:: EXERCISE DESCRIPTION ::
From the line that contains "Building Photo - 4417 Berkley Ave" to the last line of the records below, copy everything exactly, both ends included.

[RECORDS TO USE]

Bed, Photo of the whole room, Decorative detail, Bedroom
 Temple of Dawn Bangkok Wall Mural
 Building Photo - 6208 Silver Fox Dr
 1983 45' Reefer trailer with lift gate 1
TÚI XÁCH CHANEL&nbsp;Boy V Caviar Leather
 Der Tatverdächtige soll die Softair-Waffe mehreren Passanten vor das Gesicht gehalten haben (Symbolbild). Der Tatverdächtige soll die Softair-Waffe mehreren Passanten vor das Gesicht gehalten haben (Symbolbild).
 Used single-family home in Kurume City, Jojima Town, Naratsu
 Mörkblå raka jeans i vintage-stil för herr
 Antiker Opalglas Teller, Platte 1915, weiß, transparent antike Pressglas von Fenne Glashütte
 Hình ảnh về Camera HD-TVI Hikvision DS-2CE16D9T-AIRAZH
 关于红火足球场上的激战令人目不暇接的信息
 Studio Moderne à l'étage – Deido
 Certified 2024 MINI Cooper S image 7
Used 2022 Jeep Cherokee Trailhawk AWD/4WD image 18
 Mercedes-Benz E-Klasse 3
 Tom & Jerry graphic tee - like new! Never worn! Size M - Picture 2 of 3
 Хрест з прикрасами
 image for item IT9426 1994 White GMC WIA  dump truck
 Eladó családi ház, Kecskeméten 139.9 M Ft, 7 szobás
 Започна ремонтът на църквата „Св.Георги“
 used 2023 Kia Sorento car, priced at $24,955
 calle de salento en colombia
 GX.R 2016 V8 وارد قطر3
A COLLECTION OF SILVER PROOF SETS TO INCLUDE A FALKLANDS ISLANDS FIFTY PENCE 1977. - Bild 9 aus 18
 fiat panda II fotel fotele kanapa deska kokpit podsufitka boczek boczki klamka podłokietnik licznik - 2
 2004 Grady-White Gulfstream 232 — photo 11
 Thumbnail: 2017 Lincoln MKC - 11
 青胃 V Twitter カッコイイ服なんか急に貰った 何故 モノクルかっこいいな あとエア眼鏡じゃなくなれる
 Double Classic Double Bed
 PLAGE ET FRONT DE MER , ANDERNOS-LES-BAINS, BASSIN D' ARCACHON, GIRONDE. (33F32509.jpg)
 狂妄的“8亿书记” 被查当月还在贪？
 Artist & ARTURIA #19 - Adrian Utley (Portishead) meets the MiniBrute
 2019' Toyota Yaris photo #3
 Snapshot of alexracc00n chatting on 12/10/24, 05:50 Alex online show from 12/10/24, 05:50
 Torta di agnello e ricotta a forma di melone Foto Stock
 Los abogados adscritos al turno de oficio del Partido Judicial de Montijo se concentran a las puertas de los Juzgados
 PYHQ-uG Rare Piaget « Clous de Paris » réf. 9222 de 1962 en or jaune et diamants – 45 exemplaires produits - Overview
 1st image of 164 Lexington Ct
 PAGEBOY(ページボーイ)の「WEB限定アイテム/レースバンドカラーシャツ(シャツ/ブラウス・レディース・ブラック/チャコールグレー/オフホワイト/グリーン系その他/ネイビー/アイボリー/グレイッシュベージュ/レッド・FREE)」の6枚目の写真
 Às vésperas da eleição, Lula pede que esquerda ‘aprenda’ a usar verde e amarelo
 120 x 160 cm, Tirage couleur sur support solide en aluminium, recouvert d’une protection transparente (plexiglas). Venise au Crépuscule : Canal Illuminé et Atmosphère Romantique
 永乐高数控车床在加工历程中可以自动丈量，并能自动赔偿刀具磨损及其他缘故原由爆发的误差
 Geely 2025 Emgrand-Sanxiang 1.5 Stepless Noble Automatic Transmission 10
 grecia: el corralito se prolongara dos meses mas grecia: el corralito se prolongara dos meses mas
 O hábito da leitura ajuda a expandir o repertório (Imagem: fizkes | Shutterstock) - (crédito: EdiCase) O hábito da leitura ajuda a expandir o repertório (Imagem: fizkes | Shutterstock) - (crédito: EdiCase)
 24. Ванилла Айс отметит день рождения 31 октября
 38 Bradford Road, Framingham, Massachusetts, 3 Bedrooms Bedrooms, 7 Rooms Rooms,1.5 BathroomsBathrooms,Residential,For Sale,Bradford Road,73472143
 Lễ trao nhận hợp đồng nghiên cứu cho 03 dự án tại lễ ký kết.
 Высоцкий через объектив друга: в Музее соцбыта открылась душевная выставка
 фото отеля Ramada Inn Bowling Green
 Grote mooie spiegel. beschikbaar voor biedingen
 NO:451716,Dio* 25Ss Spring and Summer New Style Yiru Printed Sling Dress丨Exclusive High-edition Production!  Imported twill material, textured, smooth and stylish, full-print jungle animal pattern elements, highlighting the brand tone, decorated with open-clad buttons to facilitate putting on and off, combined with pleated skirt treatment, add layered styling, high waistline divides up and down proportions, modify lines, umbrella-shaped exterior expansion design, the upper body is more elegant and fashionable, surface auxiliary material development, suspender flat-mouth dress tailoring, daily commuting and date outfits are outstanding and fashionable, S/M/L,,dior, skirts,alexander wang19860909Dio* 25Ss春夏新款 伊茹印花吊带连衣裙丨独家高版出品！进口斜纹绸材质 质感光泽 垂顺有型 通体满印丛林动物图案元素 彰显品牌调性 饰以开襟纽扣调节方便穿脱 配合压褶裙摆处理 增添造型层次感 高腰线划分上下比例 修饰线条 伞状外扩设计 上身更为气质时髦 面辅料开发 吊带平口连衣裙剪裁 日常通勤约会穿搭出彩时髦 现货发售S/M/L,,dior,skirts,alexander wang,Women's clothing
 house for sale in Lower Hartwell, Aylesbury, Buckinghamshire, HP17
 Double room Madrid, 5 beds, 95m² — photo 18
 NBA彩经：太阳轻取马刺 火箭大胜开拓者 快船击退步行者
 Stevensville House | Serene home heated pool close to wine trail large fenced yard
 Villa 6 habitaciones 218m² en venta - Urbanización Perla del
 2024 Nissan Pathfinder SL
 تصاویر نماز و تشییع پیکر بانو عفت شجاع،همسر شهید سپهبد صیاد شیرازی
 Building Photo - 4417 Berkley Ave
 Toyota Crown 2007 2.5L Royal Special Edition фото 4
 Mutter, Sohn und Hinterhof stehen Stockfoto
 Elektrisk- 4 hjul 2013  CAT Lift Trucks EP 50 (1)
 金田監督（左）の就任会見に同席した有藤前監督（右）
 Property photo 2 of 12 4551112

[/RECORDS TO USE]

:: SOLUTION ::
 Building Photo - 4417 Berkley Ave
 Toyota Crown 2007 2.5L Royal Special Edition фото 4
 Mutter, Sohn und Hinterhof stehen Stockfoto
 Elektrisk- 4 hjul 2013  CAT Lift Trucks EP 50 (1)
 金田監督（左）の就任会見に同席した有藤前監督（右）
 Property photo 2 of 12 4551112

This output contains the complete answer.